Plays are so much more real somehow. I love poetry too, but that is such a personal thing. If i like a play, I'll talk about it to everyone till they get tired of it. Poems, I'll consider who I'm talking to. Maybe its the live thing that works. When i'm reading it, I'm always seeing it as well. And thinking sets, and costumes, and where would someone stand, and what colours could be used. And who would play what. Its happened so many times that I have met people who would be perfect for some role, random people totally.
But then, I like being taught as well. Even if I learn nothing new, its amazing how what you think can be said by someone else in such an exciting way. And there's so much more life to it. I already said that i think. Oh, i cant explain it. I'm just not done with it. (Whine, whine)
Ah, anyway.
These are the last plays I saw and liked: Macbeth, Intro, Kangal Malshat, Homecoming, BroadwayBound, Evita, Feriwala-r Mrityu. I wish I could link them all.
These are the plays I want to see performed: Look Back in Anger, The Glass Menagerie, Pygmalion, The Caretaker, The Birthday Party, Ghosts, Dr. Faustus, What Where, Rock 'n' Roll. Oh and so many more.
Anyway, its raining now. So i shall presently try to stick my head out of that infernal roof cover in such a manner that i can catch the raindrops on my face without breaking my neck.
Oh, and I'm also attempting to put one of those online library things on my blog. Keep looking. Funny, how you cant remember the names of books you've had for years. The pressure is too much. I have more books.

Sunday, April 08, 2007

Have you ever noticed how noisy women are?
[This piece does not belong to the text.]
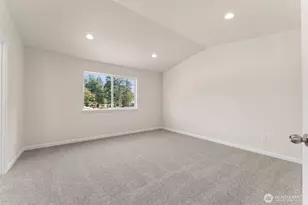 26910 30th Pl S, Kent, WA 98032 - Photo 21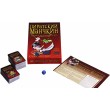 Карточная игра Манчкин Пиратский Hobby World - dtg 1090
Have you? the way they kick the floor about, simply walking over it? Or have you watched them sitting at their dressing tables, dropping their weapons and banging down their bits of boxes and brushes and lipsticks?
I've watched her doing it night after night. When you see a woman in front of her bedroom mirror, you realize what a refined sort of butcher she is....

You've got to be fundamentally insensitive to be as noisy and clumsy as that...Slamming their doors, stamping their high heels, banging their irons and saucepans--the eternal flaming racket of the female.
- Mr. James Porter, age 25, a lost cause.
(Ouch! *wince* But you know, its all true.)

I may be a lost cause, but I thought if you loved me, it needn't matter.

(And i shall be quoting again. I would quote the entire book if i could. But i wont. You will read it for yourself if u want to do something meaningful with you life. Or if you simply want to get mindfucked. I dont care which. Just read it.)